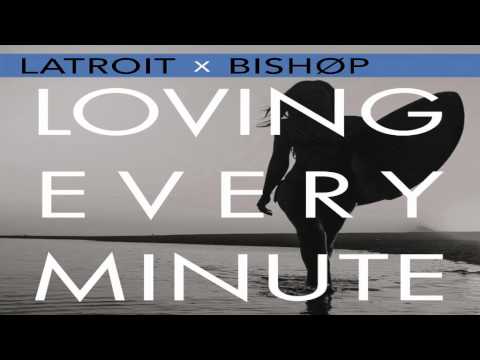 Latroit x Bishop - Loving Every Minute (Ghastly Remix)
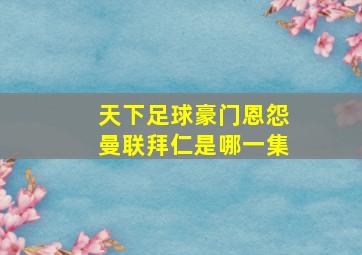 天下足球豪门恩怨曼联拜仁是哪一集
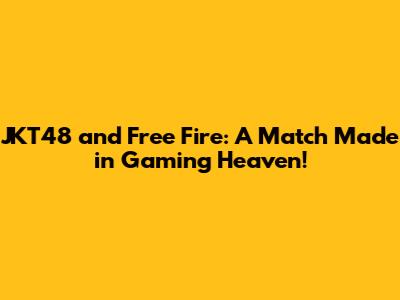 JKT48 and Free Fire: A Match Made in Gaming Heaven!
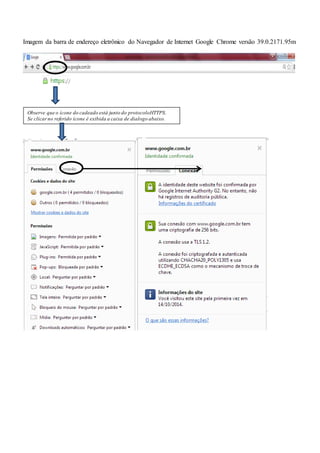 Imagem da barra de endereço eletrônico do Navegador de Internet Google Chrome versão 39.0.2171.95m
Observe que o ícone do cadeado está junto do protocoloHTTPS.
Se clicarno referido ícone é exibida a caixa de dialogo abaixo.
 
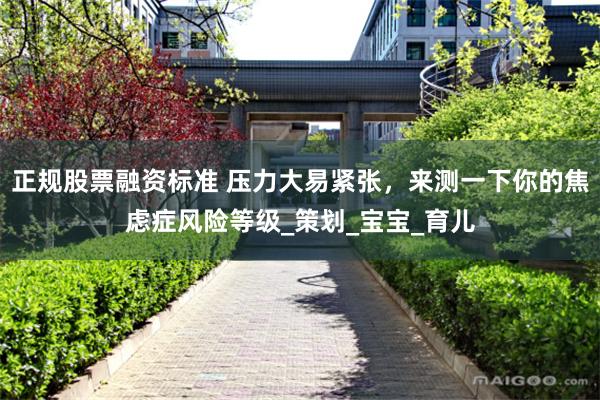 正规股票融资标准 压力大易紧张，来测一下你的焦虑症风险等级_策划_宝宝_育儿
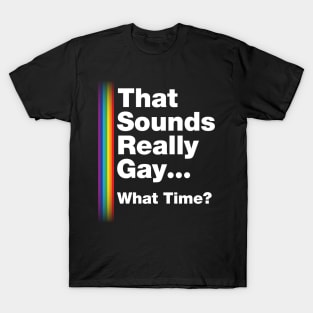 Fun Bisexual Pride Stuff - Sounds Gay What Time? T-Design T-Shirt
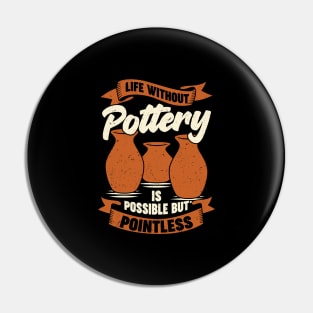 Life Without Pottery Is Possible But Pointless Pin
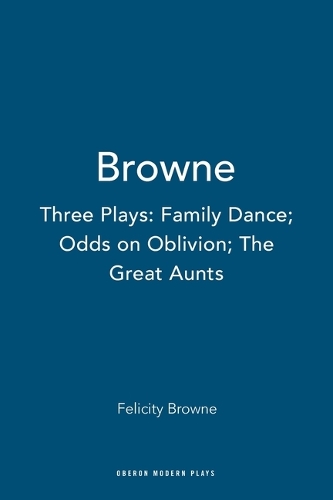 Browne: Three Plays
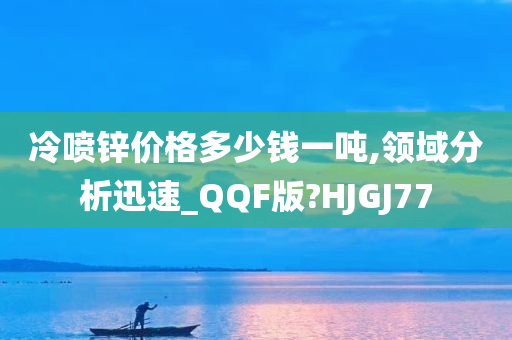 冷喷锌价格多少钱一吨,领域分析迅速_QQF版?HJGJ77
════════════════════
=== WORK TASK ===
For the word "ícone", find every line in the data that holds it and copy that line.

=== EXERCISE OUTPUT ===
Observe que o ícone do cadeado está junto do protocoloHTTPS.
Se clicarno referido ícone é exibida a caixa de dialogo abaixo.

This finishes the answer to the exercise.